This recipe came from a fellow home cook. Here is what she says about it,
” Below is a recipe that I got from a cooking class. The Chef’s name is Michael Peters, owner of Pierre’s Restaurant in Harding, New Jersey. I have made this appetizer a dozen times and everyone asks for the recipe. The broth is so good in this that you have to serve it with a spoon. So here it is”
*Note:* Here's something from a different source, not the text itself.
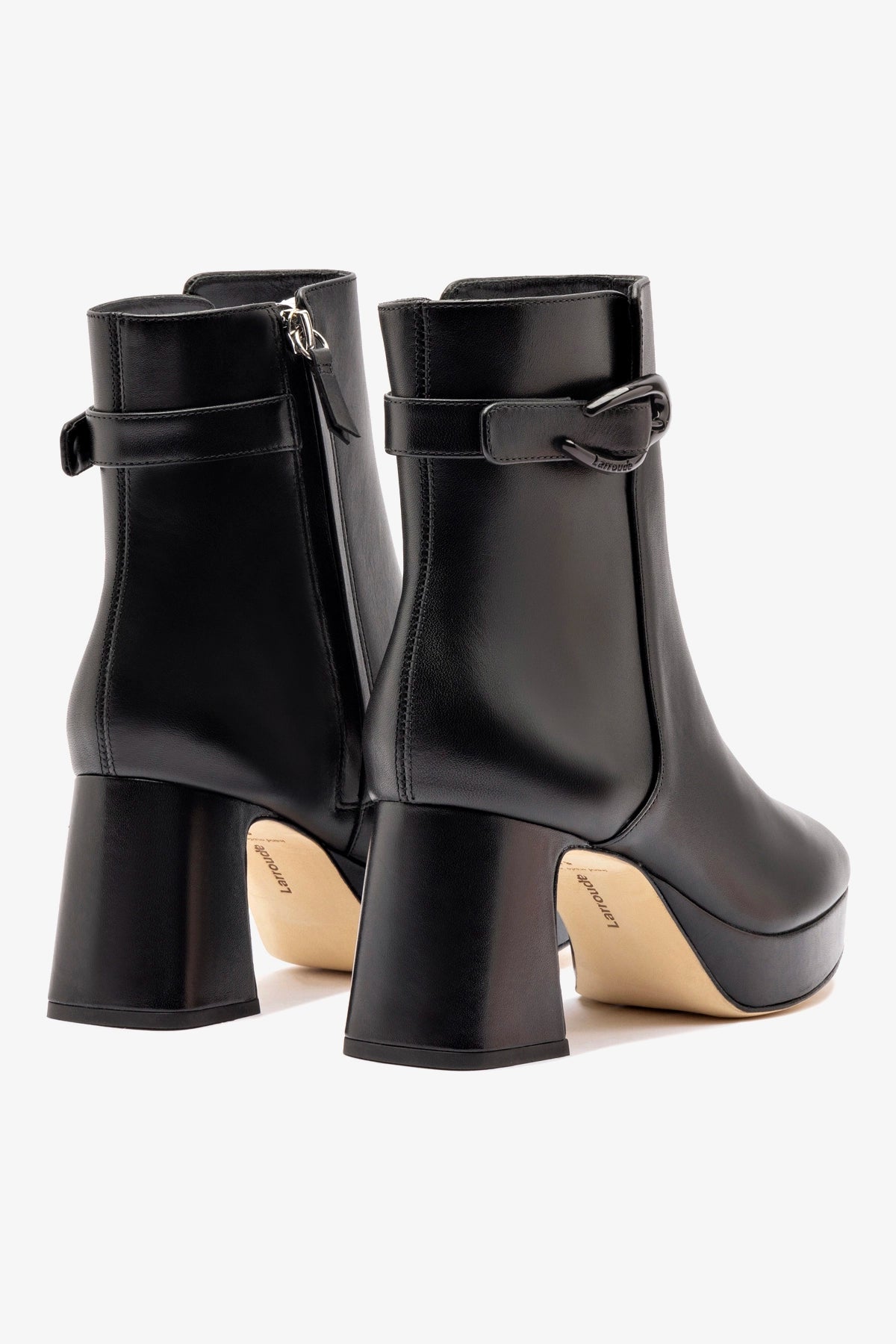 Dolly Verona Low Boot In Black Leather - Larroude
Mussels Steamed in White Wine
2 lbs. mussels
1 cup dry white wine
2 shallots, chopped
2 tablespoons unsalted butter
2 tablespoons chopped flat parsley
How To Prepare At Home
Fill a sink 1/2 full of cold water. Add the mussels and toss them around. Pull the beards and scrape off any barnacles from each mussel (inspecting them to make sure that they are tightly closed). Discard any bad mussels. Keep the cleaned mussels out of the water in the refrigerator until ready for use. Do not keep them more that a few hours after washing.
Chop the shallots and parsley.
Put the shallots and white wine into a large stainless steel pot. Add the mussels and cover. Steam them over high heat until the mussels have opened. Shake the pot to be sure that all the mussels are cooked.
Put the mussels into a large bowl. Decant the mussel liquor into a saucepan and bring to a boil.
Add the butter and chopped parsley.
Pour this sauce over the mussels and serve immediately.
I hope your readers enjoy this. I know all of my friends do.